The Romans took their road construction seriously, as evidenced by the fact that many of them still exist and some are still in use, two thousand or more years after they were first laid down. The expansion of the Roman road network paralleled the expansion of Rome itself, as the roads were crucial for the movement of trade goods, messengers, and most crucially, soldiers.

The foundation of the Roman system of roads goes all the way back to the Laws of the Twelve Tables, released in 449 BC and considered to among the founding laws of the Roman Republic. These laws mandated a minimum width for roads, who had the right to use them, and the responsibility of private property owners to allow public roads on their lands if deemed the proper route. The first major Roman road was the Via Appia (Appian Way), which linked Rome and the city of Tarentum in the south (later extended to the Adriatic port of Brundisium). The first section opened to traffic in 312 BC, and the remainder was completed in 264, even running a course of 212 km. It was built in response to the great difficulty Rome had moving troops south to fight the first Samnite War. By the end of the third century BC, other roads (the Via Aurelia, Via Flaminia, Via Latina, Via Aemilia, and Via Valeria) had been built, and it was possible to reach most of Italy on a well-built road.

And well-built they were. Roman strategy was to make them right the first time and worry less about maintenance later. Most people are familiar with the surface of the Romans roads – a network of large flat stones fitted loosely together – but this is indeed just the surface.

Roman road construction started with the digging of a trench a meter or more deep down to the foundation soil. After this was reached the road was constructed in layers.
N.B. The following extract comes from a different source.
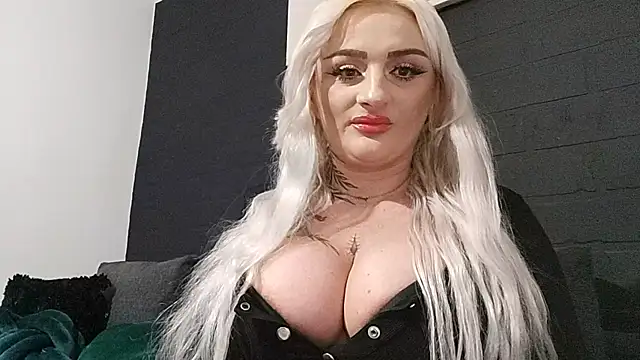 AnastasiaLips online show from 12, 4, 2026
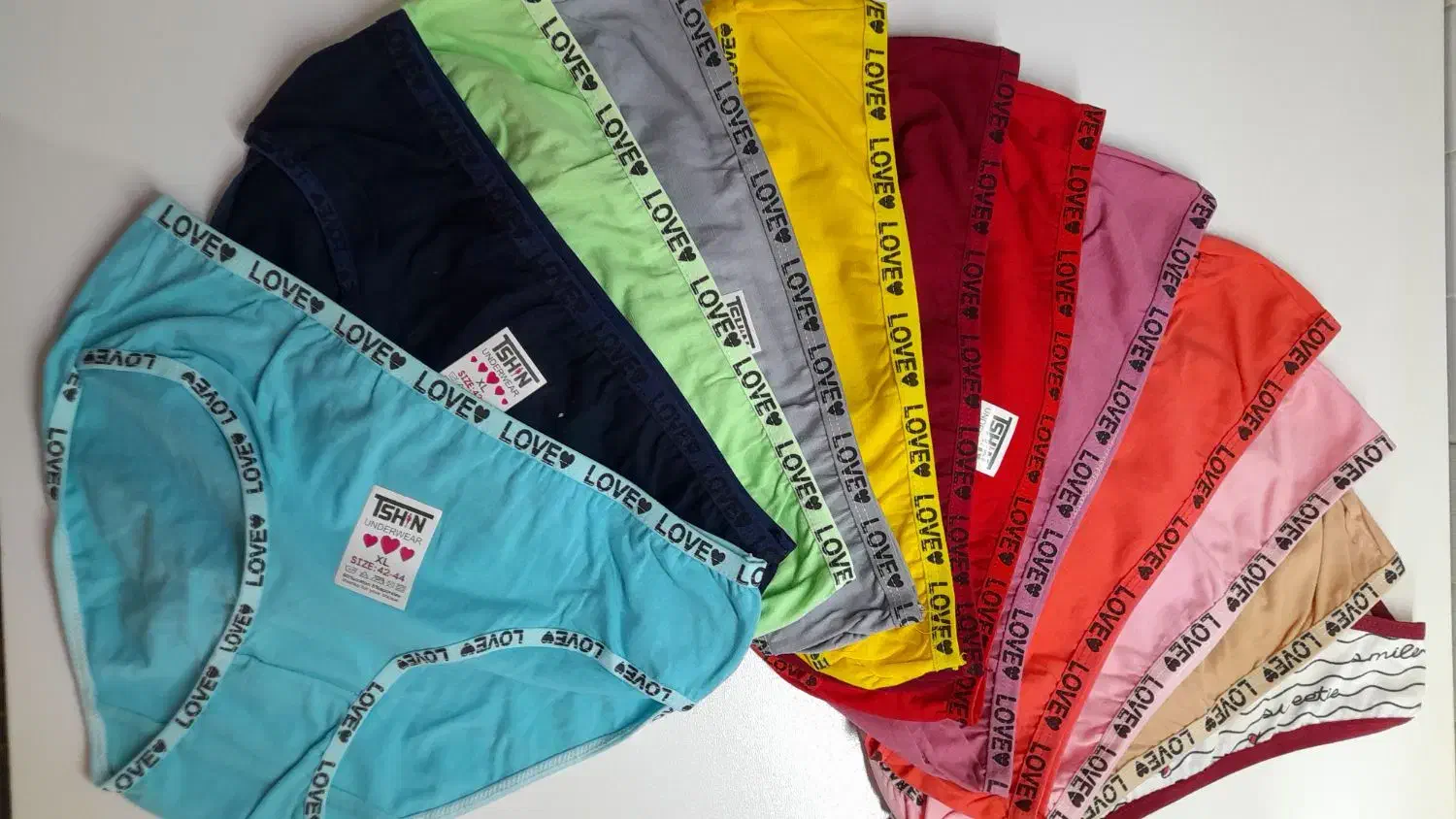 لباس به قیمت مناسب|لباس|شیروان (خراسان), |دیوار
  1. The bottom layer was the foundation soil itself, compacted to be hard and even and covered with a layer of sand
  2. The next layer was the statumen, made of fist-sized rocks to a depth of 30-60 cm.
  3. The rudus was a layer of crushed rock a few cm in size and bound with mortar, around 20 cm thick
  4. The nucleus came next, and was a mix of sand, gravel, and cement 30 cm in depth.
  5. The summum dorsum is the top, visible layer made of flat blocks of around 15 cm in thickness.

The roads were around 6 m wide to allow two way traffic of carts and troops. They were cambered higher in the middle to allow drainage down to the curb. There was often a strip of packed earth or gravel specifically for pedestrian and horse traffic to the side of the road. The resulting roads were durable and all-weather capable. The Latin word for layers is strata, from which we derived the word street.

Road construction occurred on an ad hoc basis. Basically, as the Republic (and later the Empire) expanded, roads were built to the newly-conquered territories. Generals who conquered new lands were expected to build roads into them at their own expense (financed but the plunder of their conquests). Most of Roman expansion was done by the end of the second century BC. A second wave of construction accompanied the move of the Roman capital to Constantinople in AD 323, as the city was essentially new and required a new infrastructure to support it.

So to answer your question, the total road network took as long to build as the empire lasted (all the way to 1453 in the East). But the major parts of the network were already in place by 100 BC, and had taken over 250 years to get that far.